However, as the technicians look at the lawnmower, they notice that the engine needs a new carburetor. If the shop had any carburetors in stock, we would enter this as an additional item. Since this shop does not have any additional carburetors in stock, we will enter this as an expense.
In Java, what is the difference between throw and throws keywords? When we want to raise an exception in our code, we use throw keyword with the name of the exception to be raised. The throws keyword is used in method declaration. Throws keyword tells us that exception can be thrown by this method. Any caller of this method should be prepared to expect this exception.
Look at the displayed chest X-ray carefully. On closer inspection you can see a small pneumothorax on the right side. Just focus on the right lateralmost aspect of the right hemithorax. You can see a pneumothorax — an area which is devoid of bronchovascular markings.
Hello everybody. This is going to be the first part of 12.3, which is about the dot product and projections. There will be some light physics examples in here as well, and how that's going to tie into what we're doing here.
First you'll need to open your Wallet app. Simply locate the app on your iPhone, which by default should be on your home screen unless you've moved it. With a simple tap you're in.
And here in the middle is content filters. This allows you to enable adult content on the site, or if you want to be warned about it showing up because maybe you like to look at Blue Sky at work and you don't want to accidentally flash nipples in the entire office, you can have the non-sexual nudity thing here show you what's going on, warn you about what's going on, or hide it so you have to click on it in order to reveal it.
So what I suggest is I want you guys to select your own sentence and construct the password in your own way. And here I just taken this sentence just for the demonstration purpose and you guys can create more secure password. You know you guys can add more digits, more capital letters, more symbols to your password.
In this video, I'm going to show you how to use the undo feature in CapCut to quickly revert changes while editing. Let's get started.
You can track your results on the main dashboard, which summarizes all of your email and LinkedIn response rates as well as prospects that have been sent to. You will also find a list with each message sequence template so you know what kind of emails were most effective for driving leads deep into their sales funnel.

...

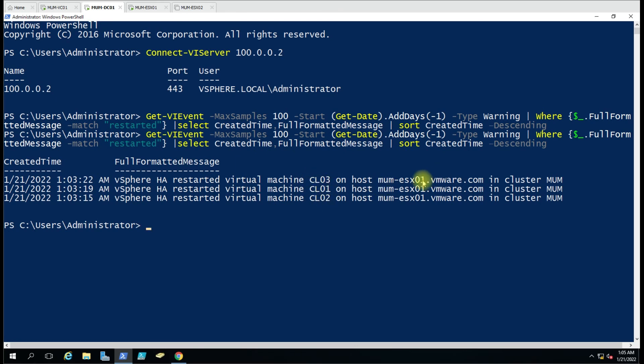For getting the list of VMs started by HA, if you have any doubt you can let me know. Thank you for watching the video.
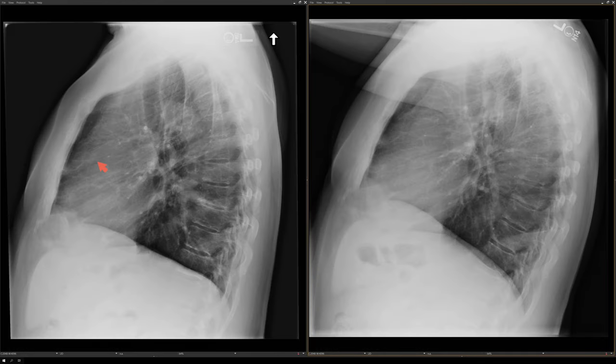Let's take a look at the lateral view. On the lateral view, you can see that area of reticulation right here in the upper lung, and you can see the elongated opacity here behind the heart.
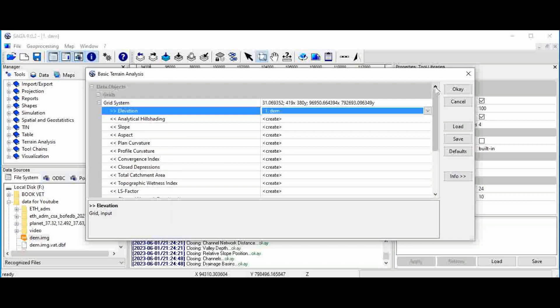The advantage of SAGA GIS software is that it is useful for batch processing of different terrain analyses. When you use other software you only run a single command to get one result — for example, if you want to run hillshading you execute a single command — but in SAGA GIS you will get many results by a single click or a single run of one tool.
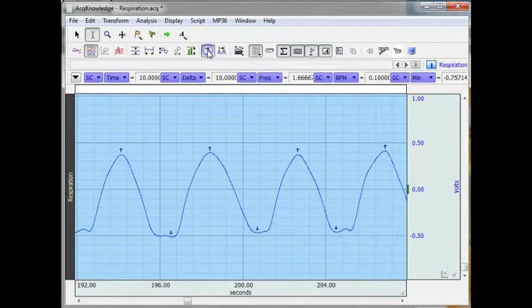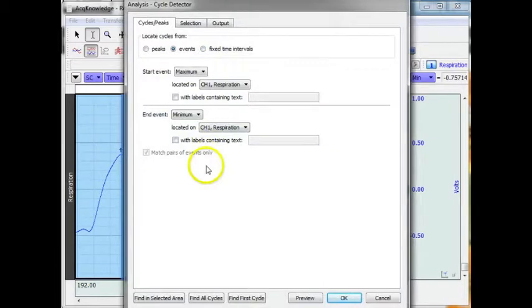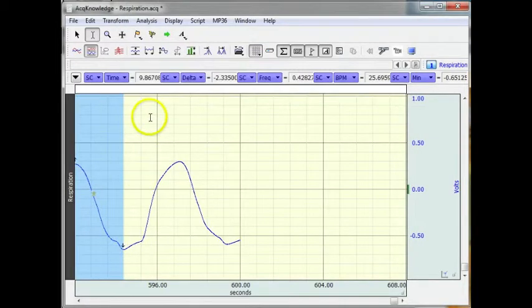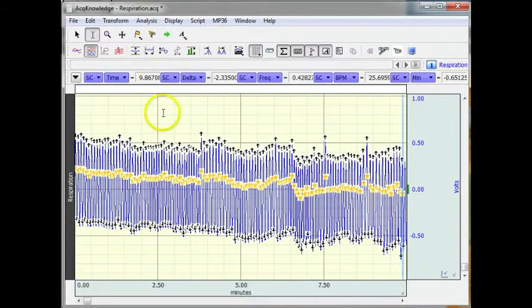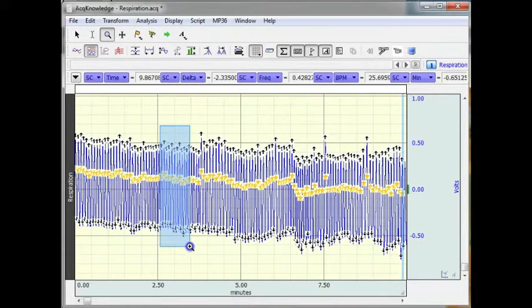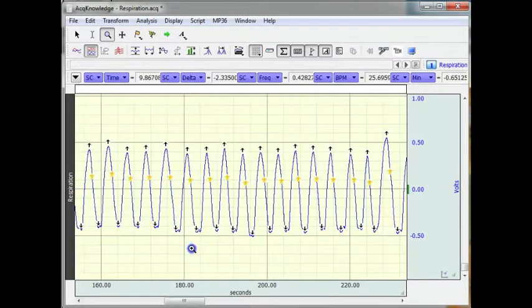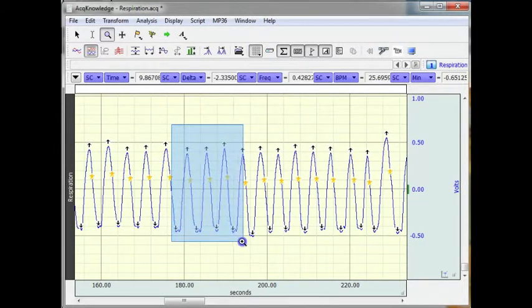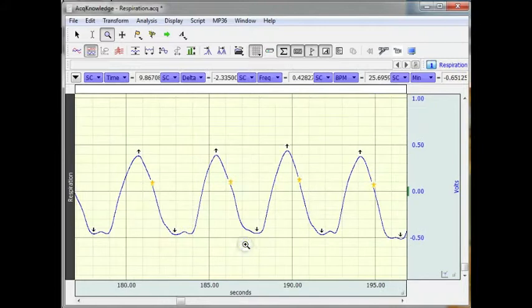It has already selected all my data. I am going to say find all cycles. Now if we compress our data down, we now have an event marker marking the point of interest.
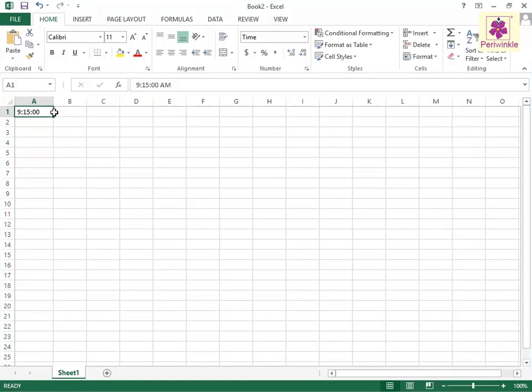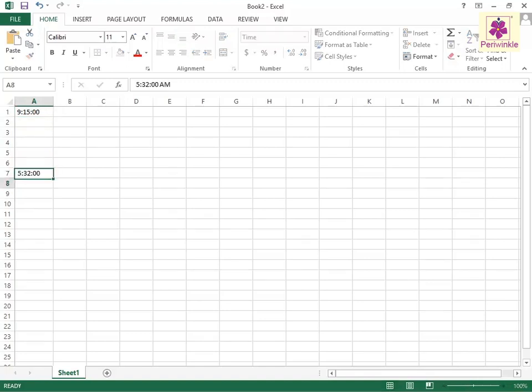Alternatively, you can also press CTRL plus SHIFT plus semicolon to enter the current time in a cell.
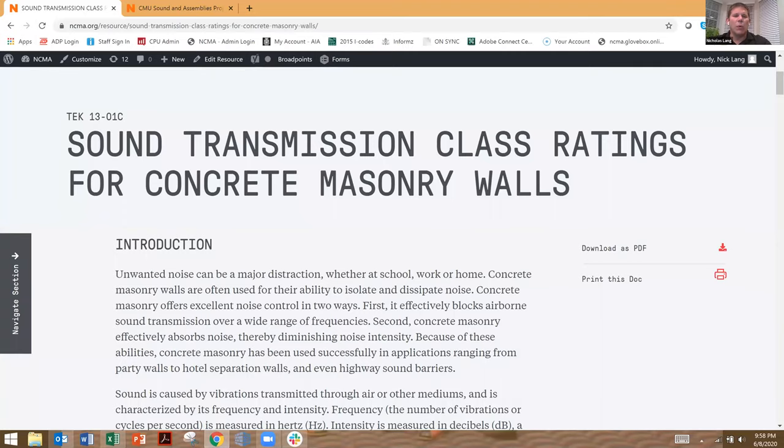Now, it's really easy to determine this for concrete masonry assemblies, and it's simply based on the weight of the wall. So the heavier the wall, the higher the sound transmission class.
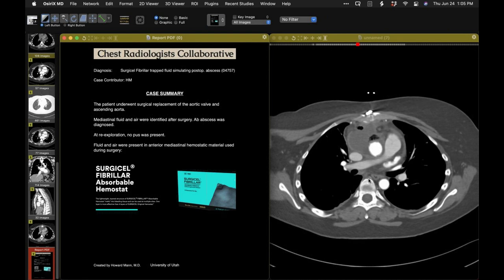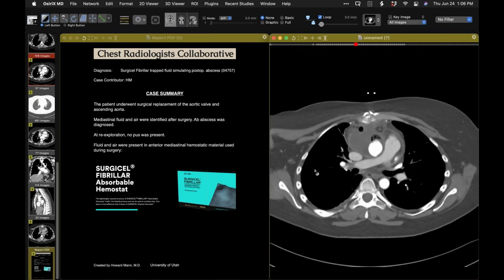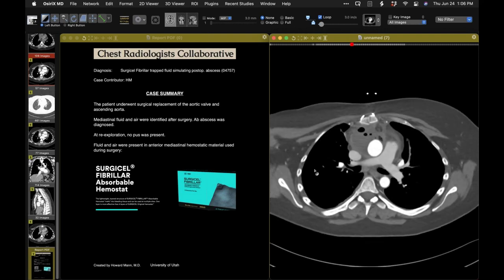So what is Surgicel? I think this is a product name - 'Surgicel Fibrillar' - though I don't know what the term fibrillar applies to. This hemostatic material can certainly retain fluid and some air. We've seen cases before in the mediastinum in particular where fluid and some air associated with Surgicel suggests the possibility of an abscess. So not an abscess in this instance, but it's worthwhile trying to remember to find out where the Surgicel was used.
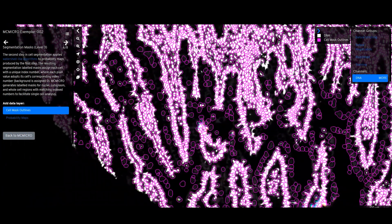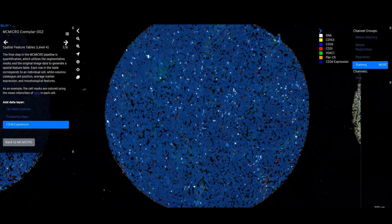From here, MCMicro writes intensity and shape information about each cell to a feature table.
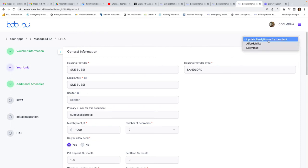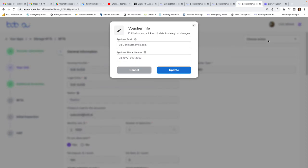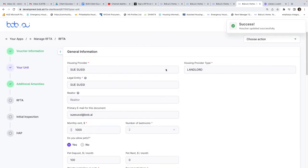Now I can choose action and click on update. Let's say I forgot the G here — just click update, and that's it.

**WORK INSTRUCTIONS**
Could you reproduce, exactly, every line above from the line with "However, as the" to the line with "Hello everybody. This", and no other line? Both ends count.

**REPLY**
However, as the technicians look at the lawnmower, they notice that the engine needs a new carburetor. If the shop had any carburetors in stock, we would enter this as an additional item. Since this shop does not have any additional carburetors in stock, we will enter this as an expense.
In Java, what is the difference between throw and throws keywords? When we want to raise an exception in our code, we use throw keyword with the name of the exception to be raised. The throws keyword is used in method declaration. Throws keyword tells us that exception can be thrown by this method. Any caller of this method should be prepared to expect this exception.
Look at the displayed chest X-ray carefully. On closer inspection you can see a small pneumothorax on the right side. Just focus on the right lateralmost aspect of the right hemithorax. You can see a pneumothorax — an area which is devoid of bronchovascular markings.
Hello everybody. This is going to be the first part of 12.3, which is about the dot product and projections. There will be some light physics examples in here as well, and how that's going to tie into what we're doing here.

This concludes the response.